Разгром был с налетом ненависти — бросая убийственные слова, Верзила рычал от злости. Ярость и гнев заполняли всю его бегемотообразную голову и вместительное туловище — аудитория гудела от его ругательств; ошеломленные, перепуганные «личинки» ерзали на стульях, сжимались и горбились за мольбертами. Мы с Кукушкой радовались приходу Верзилы, но еще больше радовались его уходу, ведь нам тоже перепадало:
— И у вас, шустряков, вещички ни черту не годятся! Что за дурацкие напластования?! Не знаете законов ракурса! Фигуры раздутые, дома заваливаются! А руки?! Кто так рисует руки?! Это сардельки какие-то! Художник должен знать анатомию как врач. Все четырнадцать сочленений кисти! По тому, как художник рисует руки, можно судить о его знаниях! Запомните, профессионализм построен на классических принципах, и профессионализм это прежде всего жесткая требовательность к себе.
Его все приводило в бешенство: и мольберт не так стоит, и краска плохо разведена, и освещение не с той стороны…
Как-то случилось, что однажды Кукушка и я вышли из училища одновременно с Верзилой. Он был в благодушном настроении: вышагивал, выставив перед собой кулак — воображал в руке знамя «новой волны». В другой руке Верзила нес шляпу. Мы семенили за ним, создавая некий унылый фон. Изредка через плечо Верзила кидал нам многозначительные фразы:
— Что главное в человеке?! Присутствие духа, вот что! А для художника сбор информации! И всего необычного. Я, например, собираю автомашины и водопады. В смысле зарисовываю…

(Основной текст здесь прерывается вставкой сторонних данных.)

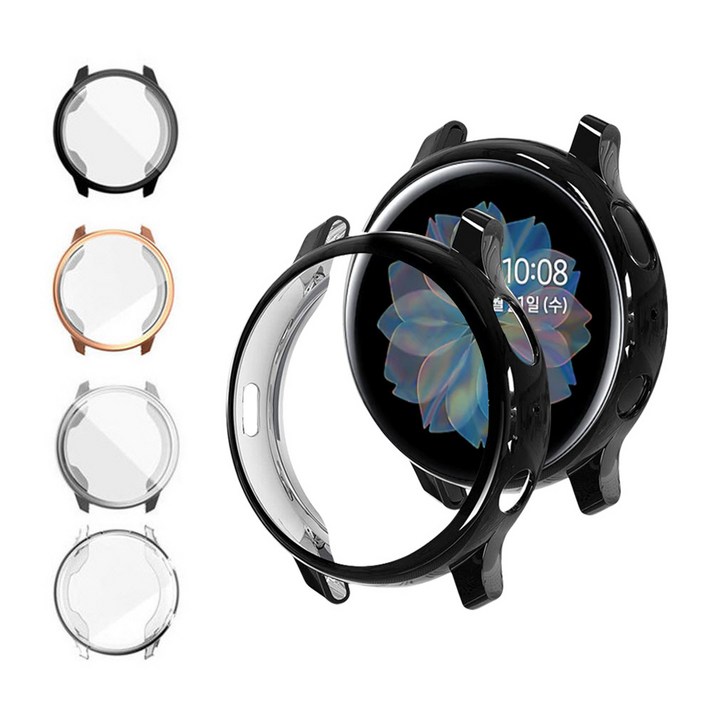 아이디스킨 갤럭시워치 액티브2 40mm 44mm 슬림 풀커버 TPU 케이스, 1개, 44mm-골드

Мы прошествовали до набережной Булака, и тут нам с Кукушкой втемяшилось в голову сделать наброски рыбаков. Прислонившись к парапету, мы достали альбомы, стали черкать фигуры удильщиков. Верзила ходил вокруг, искоса посматривая, что мы изображаем. Нас обступили зеваки, уставились на альбомы, и вдруг один зевака спросил:
— И за сколько загоните эти каракули?!
Раздался взрыв смеха. Мы с Кукушкой немного стушевались, но Верзила на все имел полный комплект ответов.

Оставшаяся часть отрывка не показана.